By Ashley Williams, Press Secretary for the California Office of Community Partnerships and Strategic Communications
I’ve always loved summertime, but this year feels different for me now that I’m expecting during a year when California is experiencing record-hot temperatures.
As a Black woman and soon-to-be mom navigating her first pregnancy, extreme heat has taken on new meaning. I've come to understand that I’m at greater risk during extreme heat events.
And now, beyond the normal preparations for my first child, my days are filled with thoughts about how I can best protect my growing family.
Staying healthy while expecting is no joke, especially as a Black woman. The Centers for Disease Control and Prevention (CDC) reports that Black women are three times more likely to die from a pregnancy-related cause than our white counterparts. Sometimes we forget that pregnant people are more vulnerable to the impacts of extreme heat because carrying children disrupts the body’s ability to regulate sudden changes in temperature. Knowing how to navigate extreme heat when rocking a baby bump isn’t something to be played with.
This is definitely true for me. Once I feel overheated, I’ve discovered that it takes me much longer to cool back down. However, I have found ways to manage these changes by developing a plan to ensure my well-being.
I started by switching things up to fit the evolving needs of my growing child. Now I keep an extra vigilant eye on weather forecasts and heat advisories. When I’m out and about, you can find me in the shade and in loose, lightweight clothing.

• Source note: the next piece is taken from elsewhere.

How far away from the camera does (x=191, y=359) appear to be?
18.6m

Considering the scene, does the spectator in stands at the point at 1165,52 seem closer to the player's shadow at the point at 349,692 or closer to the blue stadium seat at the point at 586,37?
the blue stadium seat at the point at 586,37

My walks happen during the cooler hours of the day, usually in the mornings, or I exercise in environments with air conditioning or that prioritize comfort and safety such as at home in my living room. My spouse and I made sure to learn the signs of heat exhaustion, which include heavy sweating, weakness, dizziness, nausea, and headaches. It helps to have someone else nearby who is aware and can help spot the signs of heat illness. Lastly, I always have a bottle of water by my side to stay hydrated and a damp towel for a quick cool-down to help prevent heat illness symptoms.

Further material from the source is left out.